Posted: Monday, January 10, 2011 8:01 pm
By: Argus Hamilton

BEVERLY HILLS — God bless America, and how’s everybody?
Bill Clinton was honored by People for the Ethical Treatment of Animals Friday because of his new vegan diet. We know the pattern too well. First Bill vows to follow his vegan diet faithfully and then he gets caught having a Big Mac under the desk in his office.
Brett Favre was sued for sex harassment by masseuses Monday after he was fined for sex-texting a Playboy model. His future is certain. Twenty years ago Americans stopped electing presidents for their experience and began electing them for their entertainment value.
Playboy hosted a press conference Friday introducing the January centerfold Larissa Riquelme of Paraguay. For the first time the magazine is showing the centerfold model in three-dimensional photographs. Sure, it’s all fun and games until somebody loses an eye.

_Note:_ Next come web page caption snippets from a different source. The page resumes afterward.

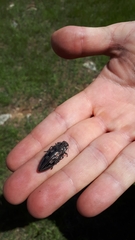 Chrysochroini
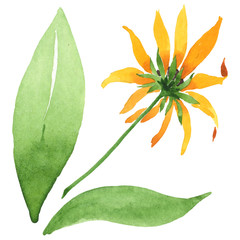 rudbeckia hirta floral botanical flowers. watercolor background set. isolated rudbeckia illustration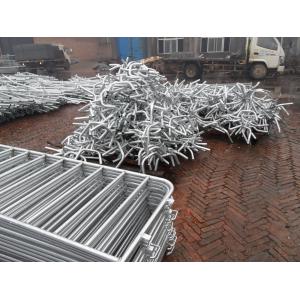 ISO 9001 Crowd Control Barrier Hot Dipped Galvanized 35mm tube wall thick 1.1mm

China’s government posted all marriage licenses online Thursday to try to halt their epidemic of bigamy, mistresses and adultery. The truth is finally coming out. Never trust any country that has one billion people and tells you that ping pong is their favorite sport.
The U.S. Constitution was read aloud in Congress by House Members Thursday. They edited out the parts allotting congressional apportionment to slave states. Slavery ended when Abraham Lincoln signed the proclamation granting Home Depot its first parking lot.

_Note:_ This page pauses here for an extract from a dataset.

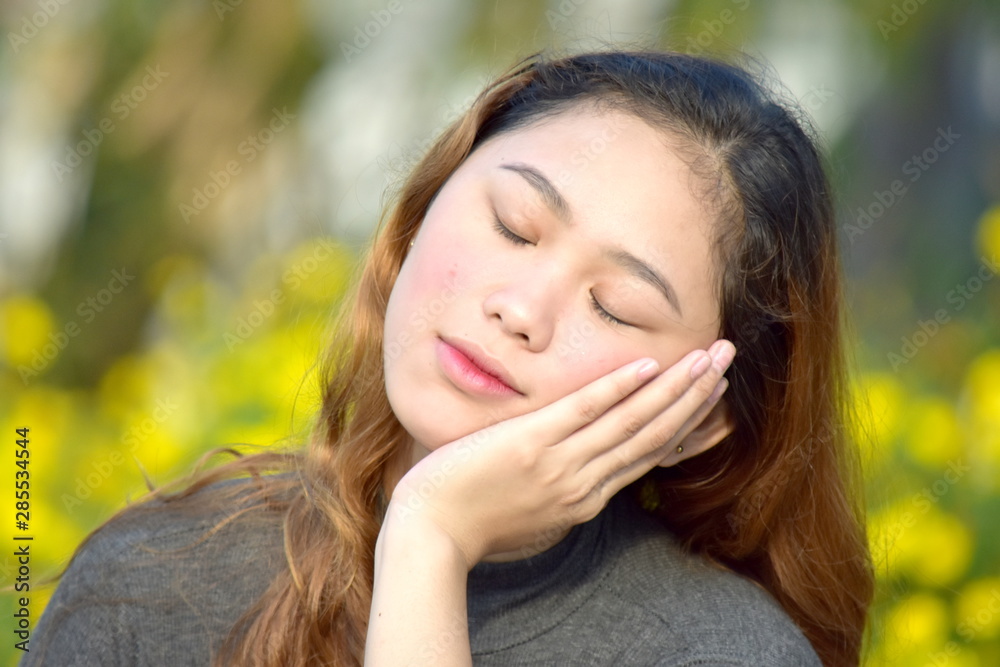 A Sleepy Adult Female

House Republicans were careful Thursday to allow the U.S. Constitution to be read by Members of both political parties. What a day. It was obvious the world is upside down when Ben Quayle walked into the chamber and took a seat in the advanced reading circle.
Southwest Airlines revealed expansion plans Monday, saying the airline could soon be making international flights. It sparked curiosity from frequent fliers. For nearly a century travelers have wondered what it would be like to take a bus across the Atlantic.
A United Airlines pilot knocked over his coffee on his instrument panel Wednesday causing the plane to transmit a hijacking signal beam. Other pilots can’t believe coffee set off the warning. Nothing ever happens when they spill whiskey on the instrument panel.
U.S. and British construction firms broke ground on the huge new Spy Center in Utah Friday. It’s in a Republican state with no minority population and it’s being built for U.S. and British intelligence. If President Obama ever finds out, he’s going to be furious.
President Obama angered liberals Friday by appointing JP Morgan’s William Daley as his chief of staff. He’s the architect of NAFTA, which infuriated unions. Last month Obama met with Native American chiefs who gave him his Indian name, Dances with Wall Street.
Bill O’Reilly will interview President Obama before Fox’s Super Bowl telecast. This past month he’s let the rich keep their tax cuts, named a Wall Streeter his chief of staff and now he’s going to boost Fox News. Obama plans to argue why ObamaCare just won’t work.
The New York Mercantile Exchange saw oil prices continue rising Thursday, which could derail the recovery. Still, it’s great news for oil states. Sunday schools in Texas and Oklahoma teach that on the eighth day, God created the internal combustion engine.
Oprah Winfrey launched her own cable network Monday and named it after herself, starring herself. Is there enough attention in the world for this woman? Yesterday Oprah walked onstage and gave each studio audience member a Nobel Peace Prize for Attendance.